During The Late Late Show with James Corden on December 15, 2016, Carey sang "All I Want for Christmas is You" on the popular feature Carpool Karaoke. Fellow singers Adele, Lady Gaga, Demi Lovato, Nick Jonas, Elton John, Selena Gomez, Gwen Stefani, Coldplay's Chris Martin and the band Red Hot Chili Peppers were featured in the video. Carey also performed the song at The Wonderful World of Disney: Magical Holiday Celebration, VH1 Divas Holiday: Unsilent Night and Disney Parks Magical Christmas Celebration in 2016. In December 2019, Carey returned to The Late Late Show to perform the song for its 25th anniversary.

To celebrate the 20th anniversary of Merry Christmas, Carey embarked on her first Christmas concert residency, All I Want For Christmas Is You, A Night of Joy & Festivity, which began on December 15, 2014, at the Beacon Theatre in New York City, and ended on December 15, 2019, after completing eight legs and fifty-six shows in North America and Europe. On December 1, 2020, Carey performed a medley of "Heroes", "Hero", and "Joy to the World" at Good Morning America, two days prior to her Christmas special Mariah Carey's Magical Christmas Special, where she re-recorded and performed several songs from the album. The following year, she performed "Christmas (Baby Please Come Home)" and a new song, "Fall in Love at Christmas", during her 2021 Christmas Special Mariah's Christmas: The Magic Continues. She also performed "All I Want for Christmas is You" at the 2022 Macy's Thanksgiving Day Parade.

Singles 
Merry Christmas was supported by three commercial singles and two promotional singles, with different releases depending on the country. The album's lead single, "All I Want for Christmas Is You", was released on October 29, 1994, in Japan, and in other countries the next month. While it was not initially commercially released in the United States, Billboard described Columbia's level of promotion as unprecedented for a Christmas album. On November 14, 1994, the label released three songs to US radio stations as promotional singles: "All I Want for Christmas Is You" (top 40 and adult contemporary radio stations), "Jesus Born on This Day" (Christian and gospel stations), and
"Miss You Most (At Christmas Time)" (R&B stations). The latter was also commercially released that year, including in the Philippines where it served as the lead single in that country. Originally released in 1994 as a 12-inch promotional single of dance remixes, "Joy to the World" was released in Australia as the album's third single on November 27, 1995, becoming a top-forty hit there. "O Holy Night" was released as a promotional single in 1996, and later peaked at number 19 in Iceland, at number 28 in Italy, at number 70 on the US Holiday 100 chart, and at number 153 in France; later being certified Gold in the United States, Canada and Italy.

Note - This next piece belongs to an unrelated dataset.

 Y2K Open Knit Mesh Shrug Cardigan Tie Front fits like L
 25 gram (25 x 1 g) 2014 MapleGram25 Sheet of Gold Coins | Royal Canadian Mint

"All I Want for Christmas Is You" is Carey's biggest international hit of her career, breaking several records worldwide and topping the charts in over 25 countries, including Australia, Canada, France, Germany, the UK Singles chart and the US  Billboard Hot 100, becoming the best-selling Christmas song by a female artist and one of the best-selling singles of all time, selling over 16 million copies worldwide. The song was certified 12× Platinum in the US, becoming the first holiday song to achieve this. It is also Carey's best-selling single in the UK, where it was certified seven-times Platinum, becoming the highest-certified song of all time by a female artist in the country. It is also her best-selling single in Canada, Australia and Germany, where it was certified Diamond, 9× Platinum and 2× Platinum, respectively.

Other songs from the album also achieved success worldwide:
Her version of Darlene Love's "Christmas (Baby Please Come Home)" reached the top-twenty on the US Holiday 100 chart, and the top-forty in Latvia, Lithuania, Slovakia and the Netherlands; and was certified Platinum in the United States and Canada, Gold in Australia, and Silver in the United Kingdom. 
Her version of "Santa Claus is Comin' to Town" peaked at number 26 in Hungary, at number 45 on the US Holiday 100, and at number 142 in South Korea; and was also certified Gold in Australia, Canada and the United States.
Her version of "Silent Night" also charted at number 95 in the Netherlands. 
"Hark! The Herald Angels Sing" / "Gloria (In Excelsis Deo)" also charted on the US Holiday 100 at number 54, and was certified Gold in the United States.

Critical reception 

In the Los Angeles Times, Chris Willman wrote that Carey "attempts her share of girl-group pop amid the quasi-gospel melisma, though still not evidencing as much personality as talent in either style". The New York Times journalist Jon Pareles was more critical in his review. "Regardless of backup, Ms. Carey oversings, glutting songs with her vocal tics—like sliding down from the note above the melody note—and turning expressions of devotion into narcissistic displays." Chris Dickinson from the Chicago Tribune called the singer a "trilling songbird" and "over-the-top irritant" throughout the album, particularly on "All I Want for Christmas Is You", where she "sounds like a bush-league Petula Clark". The newspaper later named it the seventh worst Christmas album ever.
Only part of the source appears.